PodGist

Podcast Transcripts

 RSS

Year Filtering

2024-05-30 11:56 by Staff

We'll be rolling out new year filters on the podcast episode list pages. This will make it much easier to page through podcasts that have many many many years of transcripts.

Accuracy

2024-03-21 21:14 by Staff

We recently made some improvements to the engines we use to generate transcripts, so you should notice a substantial increase in accuracy.

Better Search

2023-02-20 11:07 by Staff

It's technically been live now for a few months, but we're happy to officially announce the successful roll-out of a new search mechanism that allows full-text search for all transcripts site-wide. At the top of the homepage and each podcast's list page, you should now see a search bar that allows quick retrieval of text matches on each page's title and body content.

Providing an affordable full-text search system to index hundreds of thousands of documents, without the use of an expensive dedicated server, is no simple feat. To minimize costs while keeping search performance high, we've tried a variety of client-side search tools, like Lunr.js, but these always required constantly building and re-uploading massive indexes every day, or just worked too slowly in the browser given the size of our dataset. Most of these tools were designed to index a simple blog, with a few dozen pages. Not thousands.

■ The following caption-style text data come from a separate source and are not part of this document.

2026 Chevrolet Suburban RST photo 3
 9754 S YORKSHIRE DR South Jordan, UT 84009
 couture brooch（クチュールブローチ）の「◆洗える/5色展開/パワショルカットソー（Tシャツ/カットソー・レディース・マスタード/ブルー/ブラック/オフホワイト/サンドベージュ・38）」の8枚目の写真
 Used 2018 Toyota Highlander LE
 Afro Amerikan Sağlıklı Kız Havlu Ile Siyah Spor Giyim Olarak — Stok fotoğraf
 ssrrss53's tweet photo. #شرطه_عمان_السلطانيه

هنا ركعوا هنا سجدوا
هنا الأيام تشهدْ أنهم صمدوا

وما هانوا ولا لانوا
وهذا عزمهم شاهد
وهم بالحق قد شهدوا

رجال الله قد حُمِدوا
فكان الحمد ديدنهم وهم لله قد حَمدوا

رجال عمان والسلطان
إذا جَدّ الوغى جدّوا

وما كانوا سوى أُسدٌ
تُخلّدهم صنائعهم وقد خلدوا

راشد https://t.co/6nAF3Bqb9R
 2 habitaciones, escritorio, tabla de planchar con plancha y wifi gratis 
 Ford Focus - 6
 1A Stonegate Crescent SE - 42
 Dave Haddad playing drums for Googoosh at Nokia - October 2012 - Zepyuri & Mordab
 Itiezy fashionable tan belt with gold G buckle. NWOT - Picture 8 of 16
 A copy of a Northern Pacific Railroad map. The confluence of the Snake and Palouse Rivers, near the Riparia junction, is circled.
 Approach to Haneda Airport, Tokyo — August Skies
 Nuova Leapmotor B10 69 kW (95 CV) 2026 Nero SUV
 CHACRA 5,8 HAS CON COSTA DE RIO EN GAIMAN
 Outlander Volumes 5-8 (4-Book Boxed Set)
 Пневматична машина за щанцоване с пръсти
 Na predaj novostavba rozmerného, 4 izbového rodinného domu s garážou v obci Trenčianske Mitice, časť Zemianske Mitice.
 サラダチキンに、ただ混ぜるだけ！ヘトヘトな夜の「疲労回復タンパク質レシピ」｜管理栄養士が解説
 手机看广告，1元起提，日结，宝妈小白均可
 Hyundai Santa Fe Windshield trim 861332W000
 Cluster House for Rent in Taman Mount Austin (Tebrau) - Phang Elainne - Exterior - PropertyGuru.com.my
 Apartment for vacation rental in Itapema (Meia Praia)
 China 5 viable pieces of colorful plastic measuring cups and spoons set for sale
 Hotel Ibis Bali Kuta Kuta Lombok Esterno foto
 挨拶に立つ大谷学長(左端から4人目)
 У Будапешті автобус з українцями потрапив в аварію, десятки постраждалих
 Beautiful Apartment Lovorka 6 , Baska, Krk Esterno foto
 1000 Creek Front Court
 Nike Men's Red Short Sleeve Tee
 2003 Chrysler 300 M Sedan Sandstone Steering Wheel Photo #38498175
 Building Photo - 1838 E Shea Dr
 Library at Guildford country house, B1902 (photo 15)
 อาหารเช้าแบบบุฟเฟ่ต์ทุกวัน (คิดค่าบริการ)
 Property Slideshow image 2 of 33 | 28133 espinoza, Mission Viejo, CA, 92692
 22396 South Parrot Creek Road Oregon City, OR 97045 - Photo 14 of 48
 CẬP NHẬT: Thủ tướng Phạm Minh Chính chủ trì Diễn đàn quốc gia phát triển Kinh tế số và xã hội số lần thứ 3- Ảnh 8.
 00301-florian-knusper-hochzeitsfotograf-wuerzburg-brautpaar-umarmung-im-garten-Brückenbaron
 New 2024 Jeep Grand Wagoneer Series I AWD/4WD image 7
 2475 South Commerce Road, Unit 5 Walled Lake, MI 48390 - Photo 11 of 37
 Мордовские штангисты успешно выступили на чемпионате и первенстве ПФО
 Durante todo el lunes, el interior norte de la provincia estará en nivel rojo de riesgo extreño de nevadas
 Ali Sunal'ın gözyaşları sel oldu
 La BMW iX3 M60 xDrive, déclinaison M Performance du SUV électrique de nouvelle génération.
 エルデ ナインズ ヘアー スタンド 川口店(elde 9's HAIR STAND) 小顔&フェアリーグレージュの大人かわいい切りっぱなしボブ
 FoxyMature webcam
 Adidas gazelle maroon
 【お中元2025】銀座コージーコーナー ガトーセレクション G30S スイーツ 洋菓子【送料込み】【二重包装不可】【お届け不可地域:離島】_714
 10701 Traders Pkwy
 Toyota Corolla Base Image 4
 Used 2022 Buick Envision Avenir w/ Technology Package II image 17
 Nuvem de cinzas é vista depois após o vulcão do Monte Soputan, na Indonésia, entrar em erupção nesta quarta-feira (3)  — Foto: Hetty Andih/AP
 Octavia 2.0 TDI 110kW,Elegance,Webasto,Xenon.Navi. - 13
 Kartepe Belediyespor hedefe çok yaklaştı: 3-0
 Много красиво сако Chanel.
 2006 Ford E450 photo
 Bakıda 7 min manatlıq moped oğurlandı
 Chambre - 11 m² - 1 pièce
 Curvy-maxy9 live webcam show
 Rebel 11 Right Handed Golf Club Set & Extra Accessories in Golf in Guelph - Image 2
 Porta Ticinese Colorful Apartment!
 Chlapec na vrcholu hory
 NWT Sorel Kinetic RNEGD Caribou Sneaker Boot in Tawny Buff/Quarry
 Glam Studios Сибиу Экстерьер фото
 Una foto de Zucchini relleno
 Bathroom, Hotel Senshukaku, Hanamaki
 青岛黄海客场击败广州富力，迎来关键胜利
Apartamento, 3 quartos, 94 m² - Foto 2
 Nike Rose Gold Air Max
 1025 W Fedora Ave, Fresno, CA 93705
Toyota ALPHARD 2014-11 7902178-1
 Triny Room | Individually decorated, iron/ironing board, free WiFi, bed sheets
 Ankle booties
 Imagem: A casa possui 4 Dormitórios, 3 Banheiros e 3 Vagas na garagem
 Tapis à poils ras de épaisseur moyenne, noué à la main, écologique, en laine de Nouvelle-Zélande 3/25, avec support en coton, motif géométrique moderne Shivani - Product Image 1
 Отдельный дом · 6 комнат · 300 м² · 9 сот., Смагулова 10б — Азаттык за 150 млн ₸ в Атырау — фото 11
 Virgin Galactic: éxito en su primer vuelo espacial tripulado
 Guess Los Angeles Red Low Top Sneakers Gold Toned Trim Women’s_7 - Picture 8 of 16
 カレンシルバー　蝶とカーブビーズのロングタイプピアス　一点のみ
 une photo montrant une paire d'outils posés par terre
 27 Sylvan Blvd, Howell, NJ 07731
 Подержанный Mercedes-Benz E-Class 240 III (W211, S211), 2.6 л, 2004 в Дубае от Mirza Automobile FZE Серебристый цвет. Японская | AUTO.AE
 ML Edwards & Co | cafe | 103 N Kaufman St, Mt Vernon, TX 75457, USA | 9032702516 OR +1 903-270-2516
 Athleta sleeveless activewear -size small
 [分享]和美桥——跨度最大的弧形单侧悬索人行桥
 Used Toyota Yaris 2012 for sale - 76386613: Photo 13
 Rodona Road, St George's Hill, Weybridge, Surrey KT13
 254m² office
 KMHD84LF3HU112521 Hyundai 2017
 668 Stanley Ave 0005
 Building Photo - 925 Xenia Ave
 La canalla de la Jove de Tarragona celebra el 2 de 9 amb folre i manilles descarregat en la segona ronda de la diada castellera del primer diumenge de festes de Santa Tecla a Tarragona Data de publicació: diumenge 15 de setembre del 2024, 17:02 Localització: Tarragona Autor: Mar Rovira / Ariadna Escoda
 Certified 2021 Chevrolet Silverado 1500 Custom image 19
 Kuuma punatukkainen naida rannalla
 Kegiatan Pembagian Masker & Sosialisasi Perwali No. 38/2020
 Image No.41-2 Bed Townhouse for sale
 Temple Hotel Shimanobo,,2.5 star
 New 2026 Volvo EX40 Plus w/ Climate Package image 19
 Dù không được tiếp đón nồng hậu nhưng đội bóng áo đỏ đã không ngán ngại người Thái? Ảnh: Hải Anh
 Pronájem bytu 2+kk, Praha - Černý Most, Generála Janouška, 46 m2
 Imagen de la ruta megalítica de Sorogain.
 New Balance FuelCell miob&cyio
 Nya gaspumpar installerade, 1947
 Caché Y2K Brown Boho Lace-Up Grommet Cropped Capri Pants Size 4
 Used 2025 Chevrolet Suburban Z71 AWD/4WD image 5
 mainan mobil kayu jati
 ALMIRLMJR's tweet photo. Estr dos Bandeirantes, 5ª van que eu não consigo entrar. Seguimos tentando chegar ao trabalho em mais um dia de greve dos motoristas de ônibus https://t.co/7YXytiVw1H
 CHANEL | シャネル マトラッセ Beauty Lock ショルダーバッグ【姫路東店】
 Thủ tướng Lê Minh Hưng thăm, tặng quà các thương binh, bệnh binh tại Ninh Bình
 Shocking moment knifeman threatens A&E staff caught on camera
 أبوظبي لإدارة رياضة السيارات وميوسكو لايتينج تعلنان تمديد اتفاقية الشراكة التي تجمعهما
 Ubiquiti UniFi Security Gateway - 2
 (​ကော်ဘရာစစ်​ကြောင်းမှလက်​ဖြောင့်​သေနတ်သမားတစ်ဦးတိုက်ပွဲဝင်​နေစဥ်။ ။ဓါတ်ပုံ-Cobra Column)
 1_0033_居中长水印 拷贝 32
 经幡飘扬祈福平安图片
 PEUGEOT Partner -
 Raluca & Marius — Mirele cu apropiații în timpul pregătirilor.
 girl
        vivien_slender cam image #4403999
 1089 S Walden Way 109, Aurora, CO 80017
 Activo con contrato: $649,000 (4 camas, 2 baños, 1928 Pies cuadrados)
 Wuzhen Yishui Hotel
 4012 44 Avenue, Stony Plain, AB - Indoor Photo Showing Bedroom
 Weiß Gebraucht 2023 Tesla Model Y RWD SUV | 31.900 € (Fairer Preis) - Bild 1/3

We came close to using Sql.js, which worked fairly well in the browser, even if it is still a bit experimental, but its lack of sharding required rebuilding large indexes every day, which wasn't practical.

Eventually, we settled on Pagefindfs, which runs quickly and supports sharding, allowing us to build segmented indexes, so we only have to upload new indexes for the most recent document changes, saving a lot of money and bandwidth.

The only limitation it has is that some of the more advanced search features, like filtering by publication date or author, require each transcript page be explicitly tagged with meta data in a specific Pagefindfs syntax. And since we've been building pages for years, long before we ever knew about Pagefindfs, most pages don't contain those tags. As we move forward, new pages will contain Pagefindfs tags, and given time, we might retroactively parse our old documents and insert the appropriate tags.

RSS

2021-12-26 15:01 by Staff

To help subscribers stay on top of the most recent published transcripts for their favorite podcast, we've added a dedicated RSS feed link to every podcast list page, as well as this news section. You can find the RSS link at the bottom of the podcast description.

User Corrections

2020-11-15 18:00 by Staff

We're very grateful to the users who financially support us by visiting our sponsors or purchasing a subscription. This money helps cover our ever growing hosting costs as well as the services we use to transcribe content.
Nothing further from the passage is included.